Print the data that follows exactly as it stands, from its first line through the line containing "Spyder Toyota Camry", and stop there.

** Opening TASK DATA block **

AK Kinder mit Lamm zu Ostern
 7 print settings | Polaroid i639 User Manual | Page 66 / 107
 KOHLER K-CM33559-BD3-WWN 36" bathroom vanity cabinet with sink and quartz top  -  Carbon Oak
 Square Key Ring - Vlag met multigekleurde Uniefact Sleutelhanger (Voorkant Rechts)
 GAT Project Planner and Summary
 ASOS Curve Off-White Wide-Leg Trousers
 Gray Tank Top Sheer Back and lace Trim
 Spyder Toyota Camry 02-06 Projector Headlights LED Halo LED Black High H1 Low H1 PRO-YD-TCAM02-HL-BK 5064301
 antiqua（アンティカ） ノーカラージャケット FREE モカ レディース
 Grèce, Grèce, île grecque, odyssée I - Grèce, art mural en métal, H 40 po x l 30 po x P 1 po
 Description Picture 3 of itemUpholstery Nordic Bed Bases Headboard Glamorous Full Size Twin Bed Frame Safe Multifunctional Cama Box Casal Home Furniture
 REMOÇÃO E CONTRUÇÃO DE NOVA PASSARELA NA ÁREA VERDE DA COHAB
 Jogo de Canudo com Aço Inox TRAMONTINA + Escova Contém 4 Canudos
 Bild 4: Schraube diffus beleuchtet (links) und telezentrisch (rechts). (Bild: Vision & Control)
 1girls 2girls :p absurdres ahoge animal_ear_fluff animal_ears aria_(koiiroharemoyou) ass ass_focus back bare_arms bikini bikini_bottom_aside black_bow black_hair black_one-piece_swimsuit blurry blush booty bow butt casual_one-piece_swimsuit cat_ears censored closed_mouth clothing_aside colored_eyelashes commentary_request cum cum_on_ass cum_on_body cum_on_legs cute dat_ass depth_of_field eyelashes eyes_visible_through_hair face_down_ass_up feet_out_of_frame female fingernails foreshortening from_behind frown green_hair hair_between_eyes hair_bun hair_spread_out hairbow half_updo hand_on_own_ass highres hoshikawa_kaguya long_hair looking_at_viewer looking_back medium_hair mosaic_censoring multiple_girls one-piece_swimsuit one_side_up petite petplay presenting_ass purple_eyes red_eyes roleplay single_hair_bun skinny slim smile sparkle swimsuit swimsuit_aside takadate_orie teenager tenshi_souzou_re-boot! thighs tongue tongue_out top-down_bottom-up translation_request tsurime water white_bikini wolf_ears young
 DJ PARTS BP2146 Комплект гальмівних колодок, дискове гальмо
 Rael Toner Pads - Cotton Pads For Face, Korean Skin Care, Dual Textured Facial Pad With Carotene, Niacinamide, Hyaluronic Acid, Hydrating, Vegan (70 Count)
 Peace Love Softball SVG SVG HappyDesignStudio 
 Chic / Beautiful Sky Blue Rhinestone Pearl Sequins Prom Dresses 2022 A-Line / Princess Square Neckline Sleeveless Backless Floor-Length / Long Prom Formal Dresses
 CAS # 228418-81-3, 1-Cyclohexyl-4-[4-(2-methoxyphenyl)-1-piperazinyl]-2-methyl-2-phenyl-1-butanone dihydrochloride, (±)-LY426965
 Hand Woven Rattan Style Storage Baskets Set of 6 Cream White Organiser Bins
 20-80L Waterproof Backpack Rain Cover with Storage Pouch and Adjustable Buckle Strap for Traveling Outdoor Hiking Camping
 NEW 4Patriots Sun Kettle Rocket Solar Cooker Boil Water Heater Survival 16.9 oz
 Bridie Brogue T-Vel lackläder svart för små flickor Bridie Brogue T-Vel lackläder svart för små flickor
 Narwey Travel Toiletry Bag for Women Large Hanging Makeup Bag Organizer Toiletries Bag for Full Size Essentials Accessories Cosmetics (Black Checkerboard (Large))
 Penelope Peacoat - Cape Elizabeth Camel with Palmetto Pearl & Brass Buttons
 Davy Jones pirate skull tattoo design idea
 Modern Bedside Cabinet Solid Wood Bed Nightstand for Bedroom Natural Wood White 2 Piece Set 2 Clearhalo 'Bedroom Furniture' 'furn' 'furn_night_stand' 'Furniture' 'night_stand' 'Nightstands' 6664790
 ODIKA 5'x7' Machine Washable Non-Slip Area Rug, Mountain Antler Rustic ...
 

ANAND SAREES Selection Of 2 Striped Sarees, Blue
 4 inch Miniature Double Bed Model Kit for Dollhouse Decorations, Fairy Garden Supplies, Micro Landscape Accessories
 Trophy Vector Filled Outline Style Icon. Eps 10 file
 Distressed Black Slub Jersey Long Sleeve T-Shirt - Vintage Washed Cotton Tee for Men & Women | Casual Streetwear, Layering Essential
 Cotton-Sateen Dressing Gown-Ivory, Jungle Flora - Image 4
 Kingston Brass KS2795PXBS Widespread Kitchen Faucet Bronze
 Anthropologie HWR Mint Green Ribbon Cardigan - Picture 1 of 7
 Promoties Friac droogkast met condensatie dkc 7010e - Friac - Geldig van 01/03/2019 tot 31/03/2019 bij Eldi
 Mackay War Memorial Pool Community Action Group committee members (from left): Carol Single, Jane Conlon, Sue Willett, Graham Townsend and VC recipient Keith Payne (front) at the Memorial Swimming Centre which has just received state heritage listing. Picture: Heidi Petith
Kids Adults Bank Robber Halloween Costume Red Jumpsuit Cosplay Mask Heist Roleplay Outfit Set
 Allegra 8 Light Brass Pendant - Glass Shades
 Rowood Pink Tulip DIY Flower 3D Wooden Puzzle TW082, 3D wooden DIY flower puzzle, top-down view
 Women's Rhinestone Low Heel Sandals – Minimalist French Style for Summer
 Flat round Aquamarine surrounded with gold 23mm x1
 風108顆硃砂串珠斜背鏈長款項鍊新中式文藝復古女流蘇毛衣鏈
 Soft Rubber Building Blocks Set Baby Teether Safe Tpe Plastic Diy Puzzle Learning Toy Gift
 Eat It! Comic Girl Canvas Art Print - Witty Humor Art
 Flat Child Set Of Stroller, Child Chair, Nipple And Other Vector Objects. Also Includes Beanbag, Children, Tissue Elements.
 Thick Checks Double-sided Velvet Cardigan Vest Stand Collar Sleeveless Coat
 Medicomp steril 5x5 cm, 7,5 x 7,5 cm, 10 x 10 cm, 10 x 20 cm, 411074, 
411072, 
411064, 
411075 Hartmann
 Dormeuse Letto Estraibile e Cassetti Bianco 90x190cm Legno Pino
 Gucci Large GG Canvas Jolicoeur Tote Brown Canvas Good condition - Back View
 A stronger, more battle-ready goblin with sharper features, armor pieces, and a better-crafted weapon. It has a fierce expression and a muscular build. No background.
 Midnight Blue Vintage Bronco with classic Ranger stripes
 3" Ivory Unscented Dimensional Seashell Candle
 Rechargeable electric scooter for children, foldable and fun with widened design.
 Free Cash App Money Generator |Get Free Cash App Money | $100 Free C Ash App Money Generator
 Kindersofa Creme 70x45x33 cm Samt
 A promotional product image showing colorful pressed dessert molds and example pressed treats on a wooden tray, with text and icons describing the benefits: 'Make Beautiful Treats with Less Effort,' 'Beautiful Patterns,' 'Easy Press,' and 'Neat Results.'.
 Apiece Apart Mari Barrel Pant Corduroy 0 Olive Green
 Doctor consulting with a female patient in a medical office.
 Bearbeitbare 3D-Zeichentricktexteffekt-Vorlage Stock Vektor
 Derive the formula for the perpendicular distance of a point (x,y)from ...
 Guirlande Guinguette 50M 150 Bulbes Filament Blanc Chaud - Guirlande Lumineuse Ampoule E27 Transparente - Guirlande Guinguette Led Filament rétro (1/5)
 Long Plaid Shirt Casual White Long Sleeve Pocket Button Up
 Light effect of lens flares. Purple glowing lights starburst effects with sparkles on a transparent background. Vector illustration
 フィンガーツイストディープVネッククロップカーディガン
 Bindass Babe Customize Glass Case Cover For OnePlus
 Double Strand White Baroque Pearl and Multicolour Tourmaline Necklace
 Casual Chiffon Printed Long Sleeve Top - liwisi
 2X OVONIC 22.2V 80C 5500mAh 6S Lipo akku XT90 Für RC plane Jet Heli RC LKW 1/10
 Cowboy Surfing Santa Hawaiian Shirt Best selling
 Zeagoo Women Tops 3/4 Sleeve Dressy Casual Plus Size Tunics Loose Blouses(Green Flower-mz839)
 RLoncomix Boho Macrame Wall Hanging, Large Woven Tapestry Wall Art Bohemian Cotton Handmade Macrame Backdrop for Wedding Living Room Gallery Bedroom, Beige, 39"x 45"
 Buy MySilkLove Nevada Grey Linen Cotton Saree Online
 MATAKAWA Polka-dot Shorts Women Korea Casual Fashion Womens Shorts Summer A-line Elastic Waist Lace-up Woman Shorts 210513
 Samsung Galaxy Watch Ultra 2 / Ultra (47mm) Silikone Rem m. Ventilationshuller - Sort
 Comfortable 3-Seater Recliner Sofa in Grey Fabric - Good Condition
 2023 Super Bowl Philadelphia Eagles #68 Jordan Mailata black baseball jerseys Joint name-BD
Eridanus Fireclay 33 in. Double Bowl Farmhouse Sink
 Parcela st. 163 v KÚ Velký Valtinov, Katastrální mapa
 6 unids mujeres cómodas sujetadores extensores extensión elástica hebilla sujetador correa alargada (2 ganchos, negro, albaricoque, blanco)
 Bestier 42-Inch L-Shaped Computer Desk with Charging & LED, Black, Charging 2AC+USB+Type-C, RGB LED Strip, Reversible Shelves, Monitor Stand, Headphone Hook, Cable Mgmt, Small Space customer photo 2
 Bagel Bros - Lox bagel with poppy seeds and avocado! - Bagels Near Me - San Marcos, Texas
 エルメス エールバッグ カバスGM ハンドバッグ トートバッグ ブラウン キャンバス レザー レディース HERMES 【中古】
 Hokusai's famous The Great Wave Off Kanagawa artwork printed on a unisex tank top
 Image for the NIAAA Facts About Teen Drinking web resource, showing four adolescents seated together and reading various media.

** Closing TASK DATA block **

SOLUTION TO THE EXERCISE —
AK Kinder mit Lamm zu Ostern
 7 print settings | Polaroid i639 User Manual | Page 66 / 107
 KOHLER K-CM33559-BD3-WWN 36" bathroom vanity cabinet with sink and quartz top  -  Carbon Oak
 Square Key Ring - Vlag met multigekleurde Uniefact Sleutelhanger (Voorkant Rechts)
 GAT Project Planner and Summary
 ASOS Curve Off-White Wide-Leg Trousers
 Gray Tank Top Sheer Back and lace Trim
 Spyder Toyota Camry 02-06 Projector Headlights LED Halo LED Black High H1 Low H1 PRO-YD-TCAM02-HL-BK 5064301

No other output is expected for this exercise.